08:50AM, Tuesday 28 May 2024
									A WOMAN from Sonning Common was named florist of the year at Chelsea Flower Show.
Lara Thorpe, 24, who also won a gold medal at the show, said she had not expected to win as she was the competition’s youngest entrant.
“It’s amazing,” she said. “I was quite surprised and a bit shocked.
“The other displays were amazing and with less experience than the other florists, I was quite taken aback to win.
“I found out on the Tuesday morning when my mum and I came and there was a gold medal on the display.
“Then a BBC camera crew came round the corner and I thought. ‘Here we go’. I was just speechless, which will shock people who know me. It still hasn’t really sunk in.”
Miss Thorpe was presented with her medal by Keith Weed, president of the Royal Horticultural Society, which organises the show, and was later interviewed by Monty Don, presenter of the BBC’s Gardeners’ World. She celebrated with her parents, Keith and Vivienne, and younger brother Laurie, 14. Miss Thorpe said: “They were all here when we found out and there was a lot of emotion from everyone. We treated ourselves to a glass of fizz.”
Miss Thorpe, who lives in Lea Road, is the manager of Wild at Heart, a florist in Mayfair.
She entered a floral display called Spectrum of Fire. This featured a range of flowers including red hot pokers, foxtail lilies (Eremurus), burnet, pincushions (scabiosa) and amaranth carefully arranged to imitate an open flame.
Miss Thorpe said: “I built it in advance. I had a pot of flowers which I had to make sure were conditioned properly and the flower heads had to be perfect.
“The theme was colour so my piece was called Spectrum of Fire. The flowers were yellow, orange and red, the colours of fire.

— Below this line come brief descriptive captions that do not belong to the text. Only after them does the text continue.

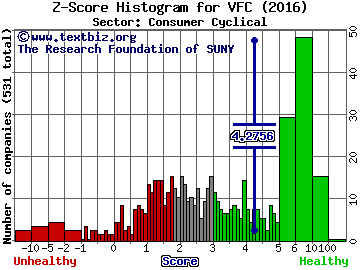 VF Corp Z score histogram (Consumer Cyclical sector)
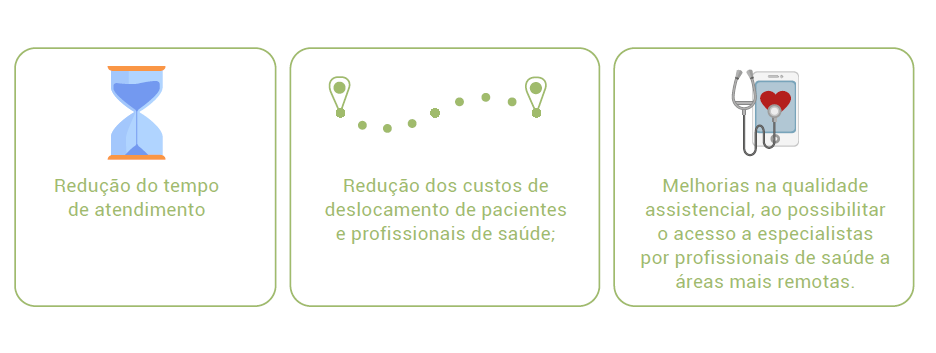telemedicina traz benefícios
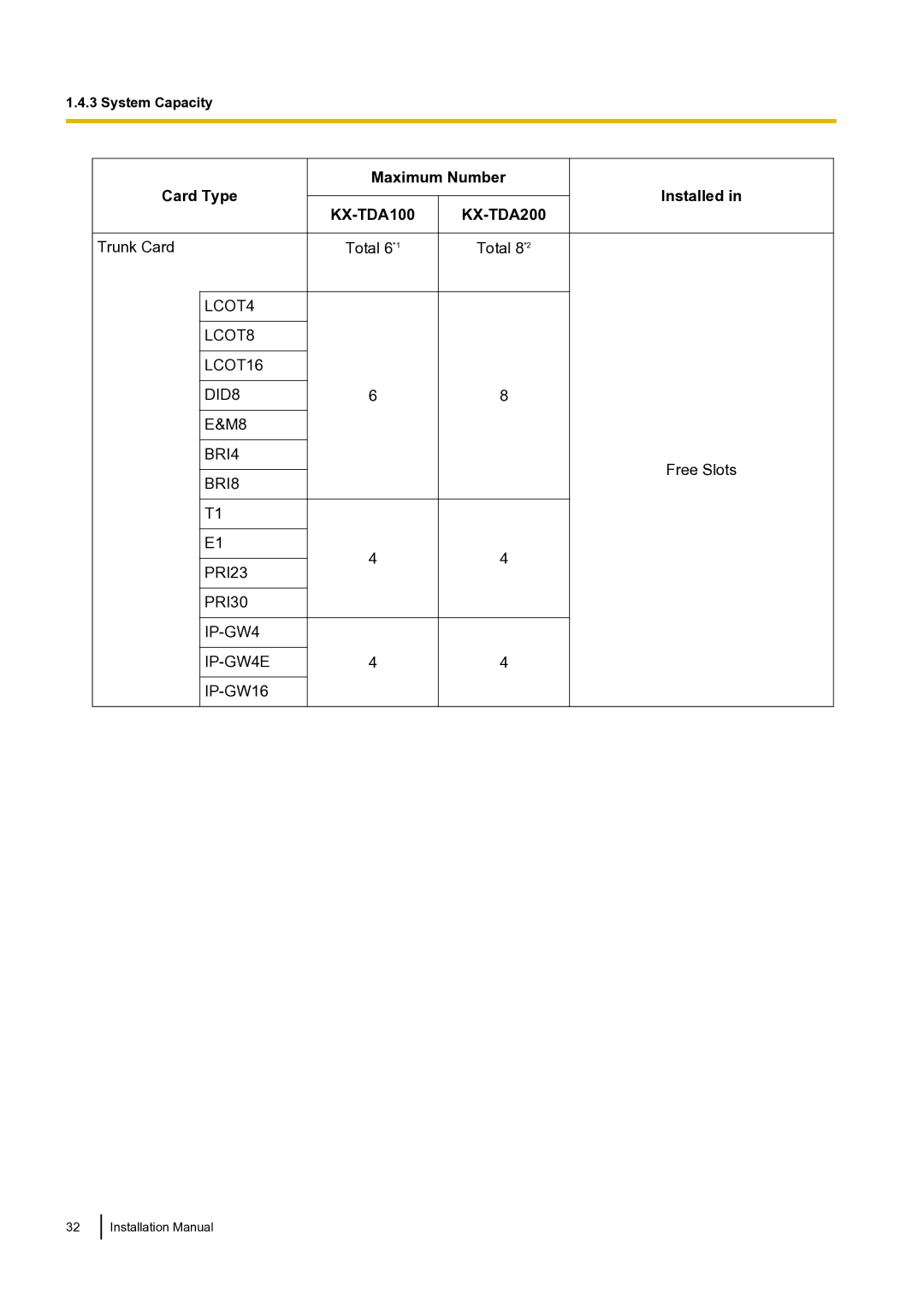 Panasonic KX-TDA100 installation manual Trunk Card Total 6*1 Total 8*2 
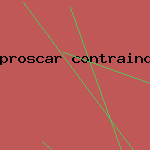 proscar contraindications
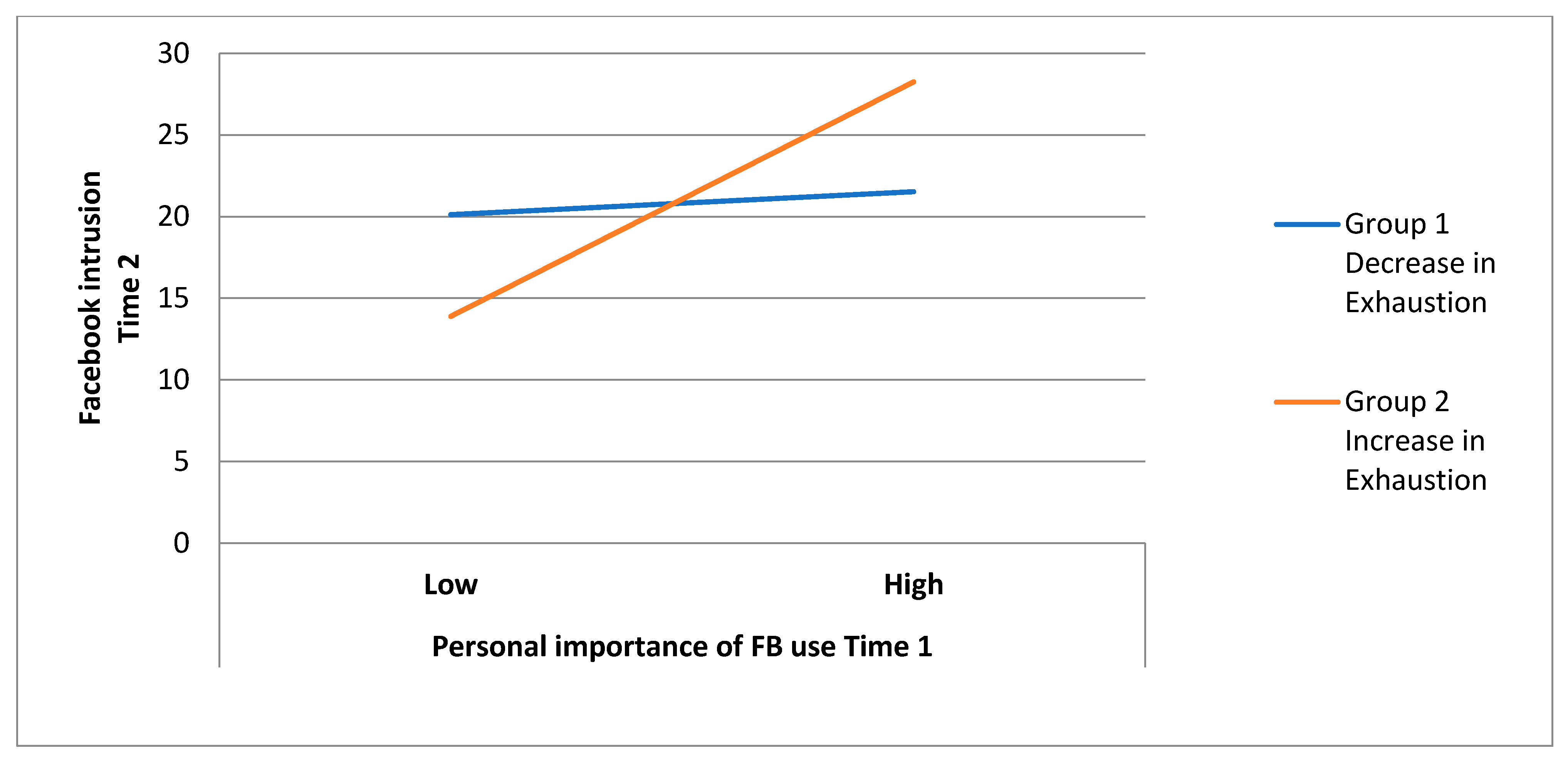 Ijerph 18 08055 g002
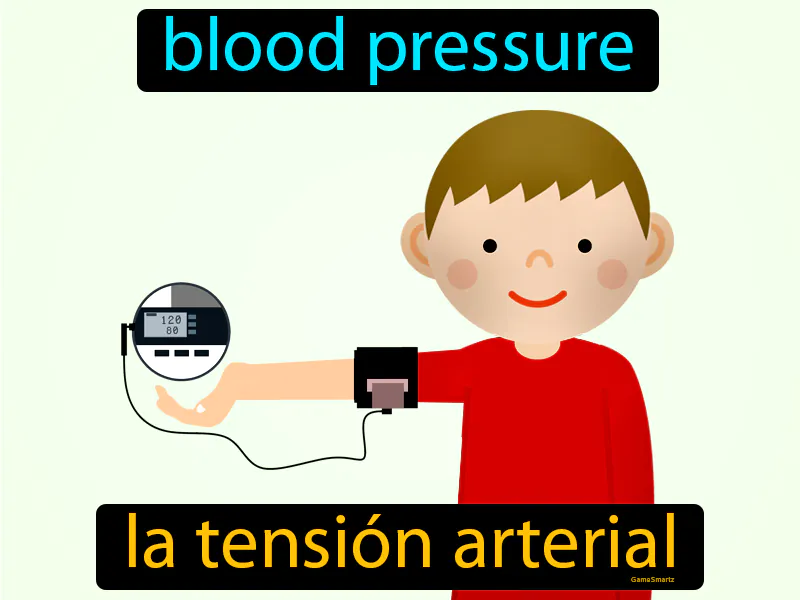 La tension arterial Definition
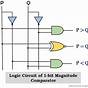 Magnitude Comparator Circuit Diagram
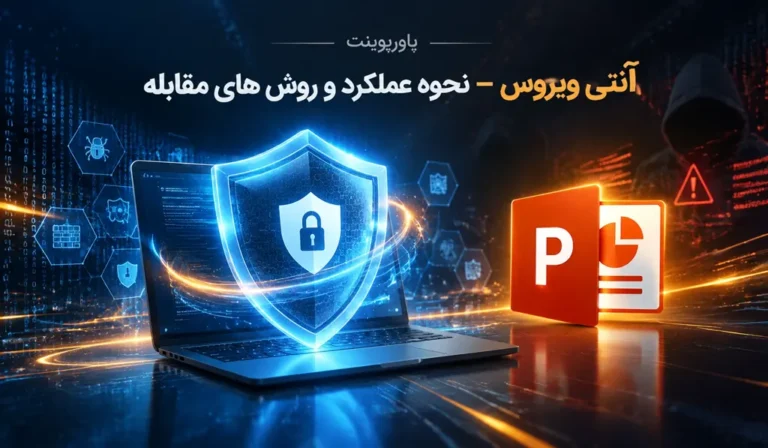 آنتی ویروس — نحوه عملکرد و روش های مقابله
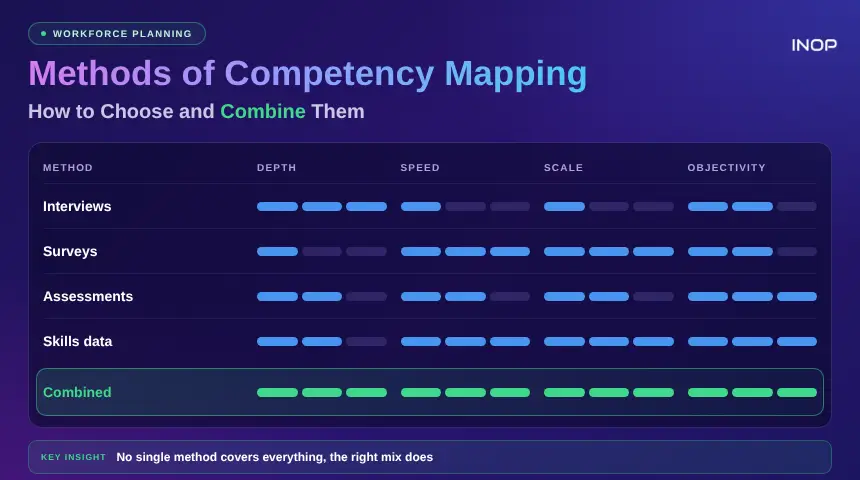 Methods of Competency Mapping: How to Choose and Combine Them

“It was a willow structure to mimic flames on a charred chemical base to represent the damage fire can cause. I used local wood from a sawmill and I used a blow torch to create the effect.

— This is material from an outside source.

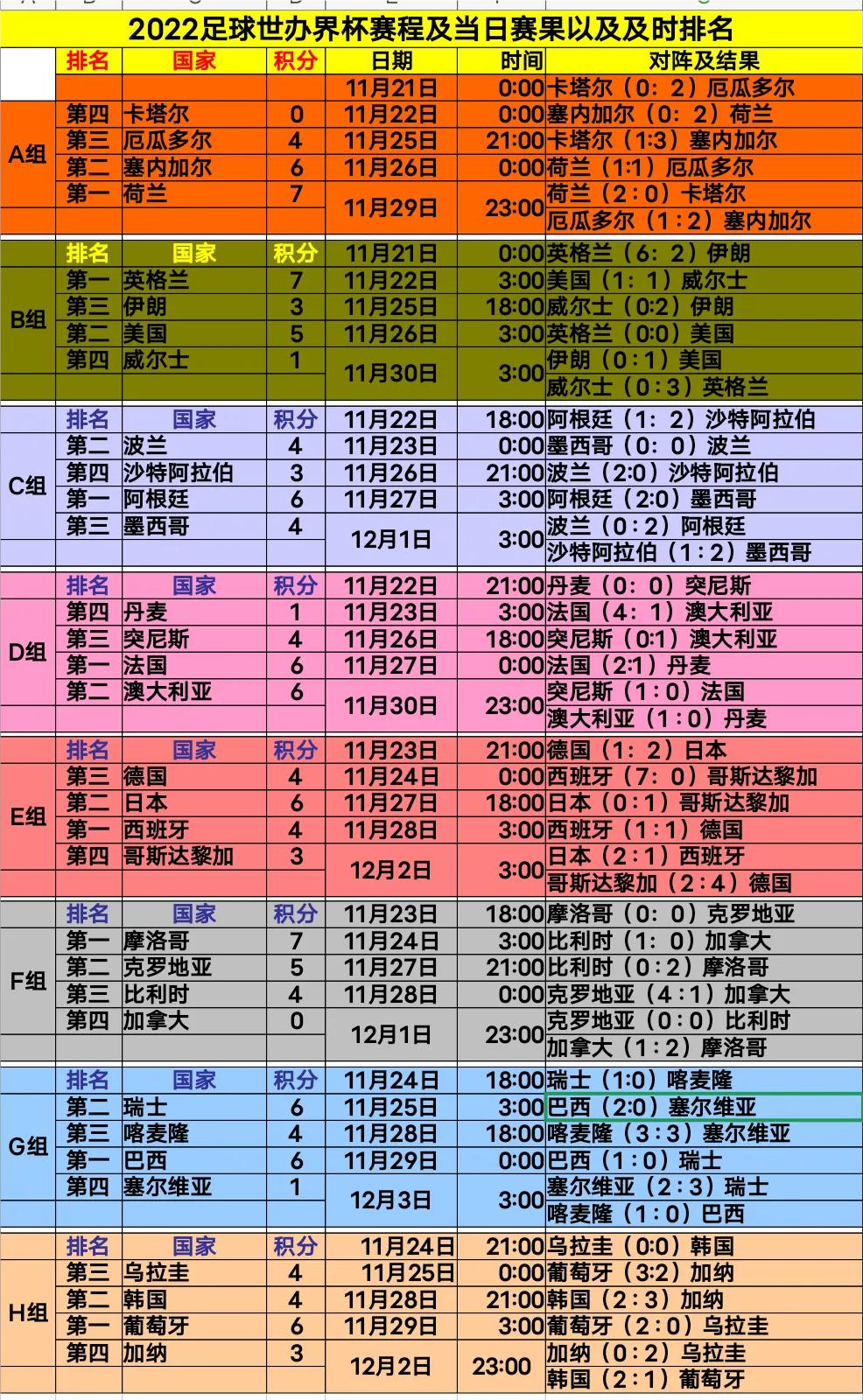 2022卡塔尔世界杯中国队出线条件,2022卡塔尔世界杯中国vs越南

“I was inspired by all the wildfires that happened last year. Fire can be beautiful but also destructive and I think we all need to play our part in protecting the planet.
“My mum loved it. She was my assistant and was helping me out by supplying diet coke and cake to keep me going.
“It was a bit stressful at the time but I am not a person to get nervous. I work on adrenaline.”
Miss Thorpe attended Sonning Common Primary School and Chiltern Edge School before training to be a florist at Berkshire College of Agriculture at Burchetts Green.
She said: “I’m dyslexic so I knew that an academic kind of job wouldn’t be for me.
“I studied floristry at BCA, where I did my level two and level three diploma and then I worked in a shop in Caversham.
“I entered the show for the first time in 2019 and was awarded a silver medal. Then I got the job at Wild at Heart.
“I like the fact that it is quite creative and every day I am putting together orders from customers and lots of different styles and colour palettes.”
She was sponsored by the shop to enter the competition.
Miss Thorpe said: “I competed last year as well and my piece was vastly different. It was quite delicate but this year it was quite big.
“I like to stand quietly next to it and listen to what people think. You hear lots of passing comments. They all seemed to like the concept and the colours.”
She said she would encourage young people to give floristry a go.
“If I can do it they can too,” she said. “A lot of people I know who have competed at Chelsea have a lot more experience so to have more younger people showing their talent and skill here would be amazing.
“The floristry industry needs younger people. If they don’t get involved, it could become one of those trades that eventually dies out.”